GIVEN DATA:
_____

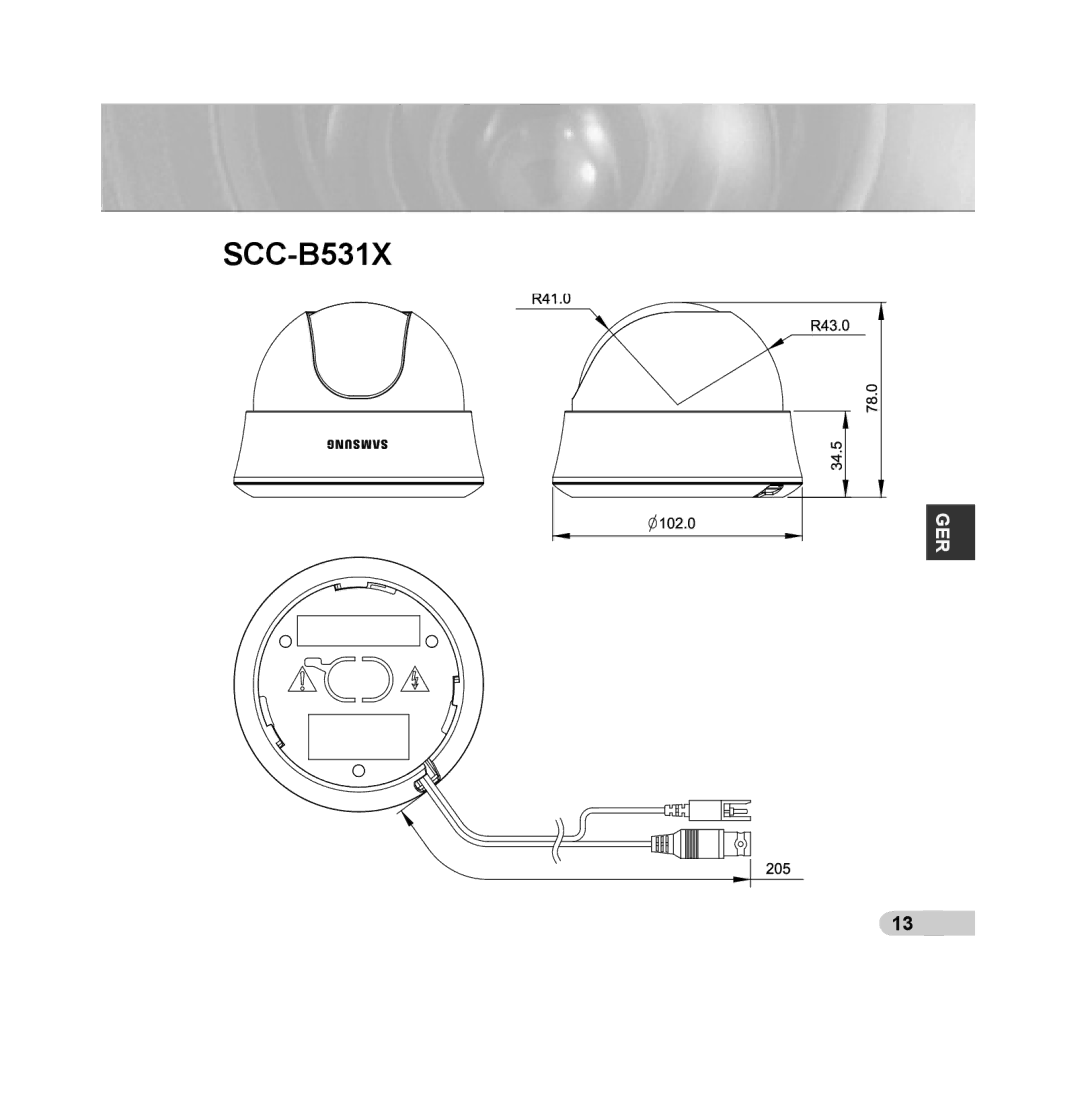 Samsung SCC-B5315BP, SCC-B5313P, SCC-B5315P, SCC-B5311P, SCC-B5311BP, SCC-B5313BP manual SCC-B531X 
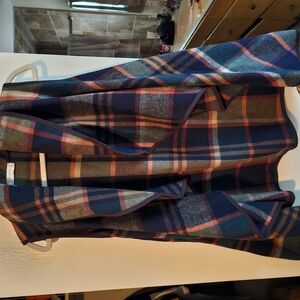 Plaid Open Front Cardigan Vest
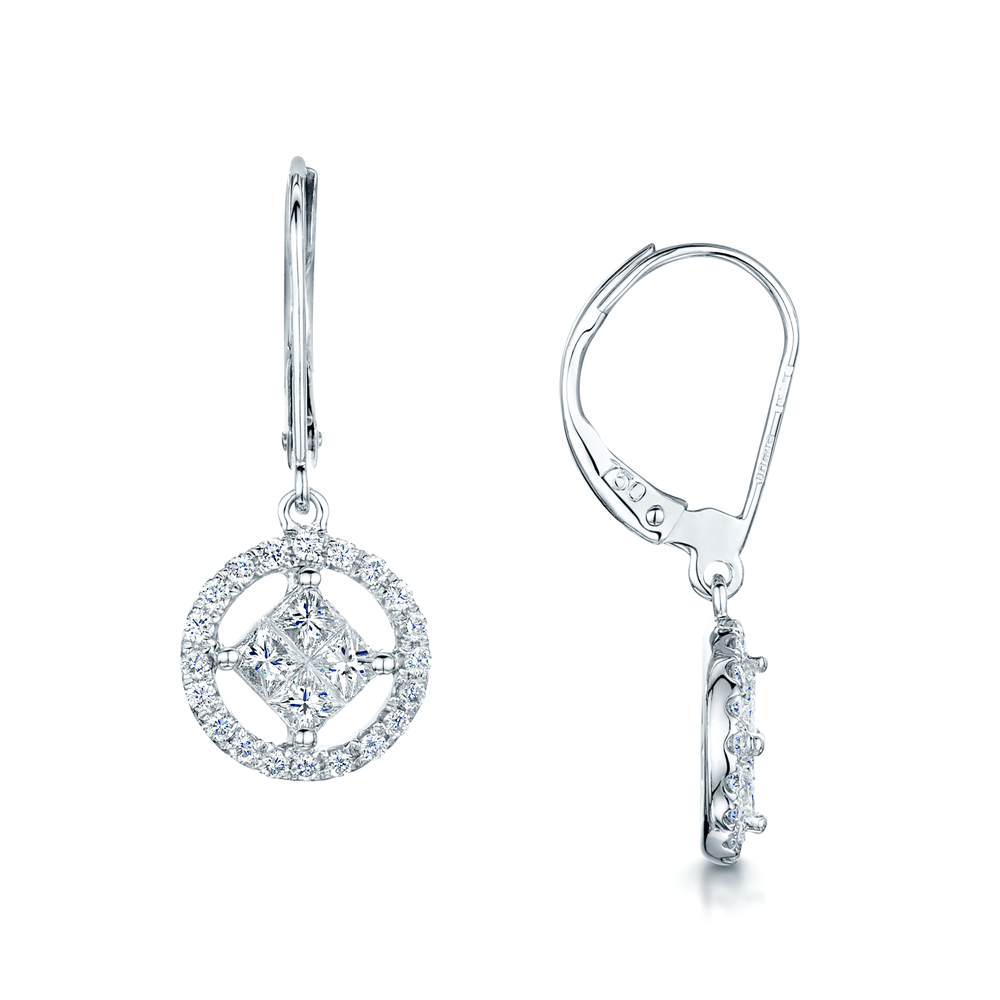 18ct White Gold Princess & Brilliant Cut Diamond Drop Earrings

_____

Everything above except the pictures needs to be reproduced exactly.

ANSWER BOX:
 Samsung SCC-B5315BP, SCC-B5313P, SCC-B5315P, SCC-B5311P, SCC-B5311BP, SCC-B5313BP manual SCC-B531X 
 Plaid Open Front Cardigan Vest
 18ct White Gold Princess & Brilliant Cut Diamond Drop Earrings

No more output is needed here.